Today, foreclosure numbers are lower than they were before the housing boom. Here are the number of consumers with new foreclosures according to the Federal Reserve’s most recent Household Debt and Credit Report:
- 2003: 203,320 (earliest reported numbers)
- 2009: 566,180 (at the valley of the crash)
- Today: 76,480
Foreclosures today are less than 40% of what they were in 2003.
4. HOUSING AFFORDABILITY
Contrary to many headlines, home affordability is better now than it was prior to the last housing boom. In the same article referenced in #1, CoreLogic revealed that in the vast majority of markets, “the inflation-adjusted, principal-and-interest mortgage payments that homebuyers have committed to this year remain much lower than their pre-crisis peaks.”
They went on to explain:
“The main reason the typical mortgage payment remains well below record levels in most of the country is that the average mortgage rate back in June 2006, when the U.S. typical mortgage payment peaked, was about 6.7 percent, compared with an average mortgage rate of about 4.4 percent in March 2018.”
The “price” of a home may be higher, but the “cost” is still below historic norms.
After using these four key housing metrics to compare today to last decade, we can see that the current market is not anything like that bubble market
Some experts are calling for a slowdown in the economy later this year and most economists have predicted that the next recession could only be eighteen months away.

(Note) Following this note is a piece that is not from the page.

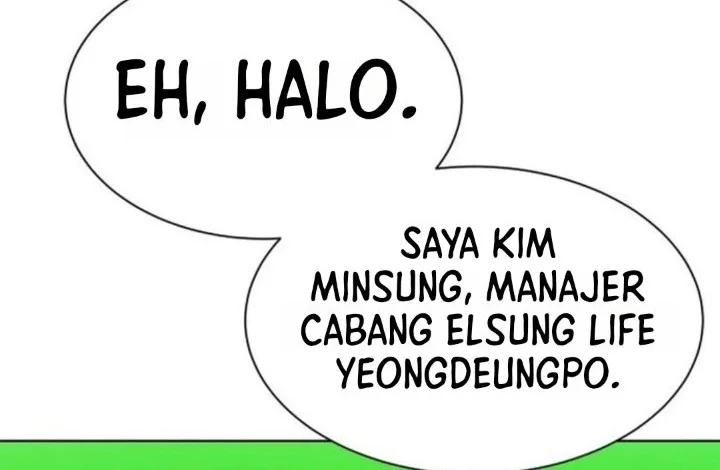 Becoming a Legendary Ace Employee Chapter 153 Gambar 46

The question is, what impact will a recession have on the housing market?
Here are the opinions of several experts on the subject:
Ivy Zelman in her latest “Z Report”:
“While economic activity appears to have accelerated so far in 2018, some prominent economic forecasters have become more cautious about growth prospects for 2019 and 2020…
All told, while solid long-term demographic underpinnings support our positive fundamental outlook for housing, in the event micro-economic headwinds surface, we would expect housing transaction volumes and home prices to weather the storm.”
Aaron Terrazas, Zillow’s Senior Economist:
“While much remains unknown about the precise path of the U.S. economy in the years ahead, another housing market crisis is unlikely to be a central protagonist in the next nationwide downturn.”
Mark Fleming, First American’s Chief Economist:
“If a recession is to occur, it is unlikely to be caused by housing-related activity, and therefore the housing sector should be one of the leading sources to come out of the recession.”
Mark J. Hulbert, Financial Analyst and Journalist:
“Real estate may be one of your best investments during the next bear market for stocks. And by real estate, I mean your home or other residential properties.”
U.S. News and World Report:
“Fortunately – and hopefully – the history of recessions and current issues that could harm the economy don’t lead many to believe the housing market crash will repeat itself in an upcoming decline.”